Le 19 avril 2013, lorsque Nicolas Maduro a prêté serment en tant que président, nous sûmes que le pire était passé. La tentative de coup d’État commencée le 14 au soir n’avait pas triomphé. Elle s’était soldée par 11 assassinats, l’attaque de locaux du Parti socialiste uni du Venezuela (PSUV) et de Centres de diagnostic intégral, par l’agression de dirigeants, par la violence telle une traînée noire. Il s’agissait de la première des quatre tentatives de coup d’État que l’on allait affronter en quatre ans. Actuellement, nous vivons la quatrième. Elle est en plein déroulement.
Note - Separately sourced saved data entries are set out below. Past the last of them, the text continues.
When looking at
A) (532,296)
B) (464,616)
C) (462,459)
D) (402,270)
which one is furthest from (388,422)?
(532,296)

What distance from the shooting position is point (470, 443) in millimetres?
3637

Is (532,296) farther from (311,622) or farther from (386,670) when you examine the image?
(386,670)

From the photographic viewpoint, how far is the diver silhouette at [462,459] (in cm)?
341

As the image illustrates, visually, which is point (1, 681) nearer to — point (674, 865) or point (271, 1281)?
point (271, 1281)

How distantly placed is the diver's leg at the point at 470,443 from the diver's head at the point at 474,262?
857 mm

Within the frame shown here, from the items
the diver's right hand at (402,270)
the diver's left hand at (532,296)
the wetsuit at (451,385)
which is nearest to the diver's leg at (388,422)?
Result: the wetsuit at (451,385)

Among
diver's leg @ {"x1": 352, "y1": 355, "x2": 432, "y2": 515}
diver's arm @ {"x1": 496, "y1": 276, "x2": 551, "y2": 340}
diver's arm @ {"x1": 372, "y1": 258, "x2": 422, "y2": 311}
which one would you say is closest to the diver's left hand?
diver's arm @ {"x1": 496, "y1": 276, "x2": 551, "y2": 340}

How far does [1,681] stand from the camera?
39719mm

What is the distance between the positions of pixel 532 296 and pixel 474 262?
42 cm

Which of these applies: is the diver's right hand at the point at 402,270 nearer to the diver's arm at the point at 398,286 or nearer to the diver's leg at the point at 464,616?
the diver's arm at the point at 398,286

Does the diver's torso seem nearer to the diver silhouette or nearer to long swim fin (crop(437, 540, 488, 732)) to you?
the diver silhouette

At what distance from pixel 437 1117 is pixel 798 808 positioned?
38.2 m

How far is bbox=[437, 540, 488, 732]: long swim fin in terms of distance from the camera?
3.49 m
Le Venezuela de ces jours-là vivait une superposition de temps : le deuil suite au départ de Chavez – les dix jours d’obsèques avec des millions de personnes –, Maduro et sa victoire électorale de justesse, les souvenirs de l’épopée d’octobre, la résistance devant les appels à la haine de Capriles Radonsky. Tout restait à voir, au bord de l’incertitude, l’histoire était ouverte comme bien peu souvent.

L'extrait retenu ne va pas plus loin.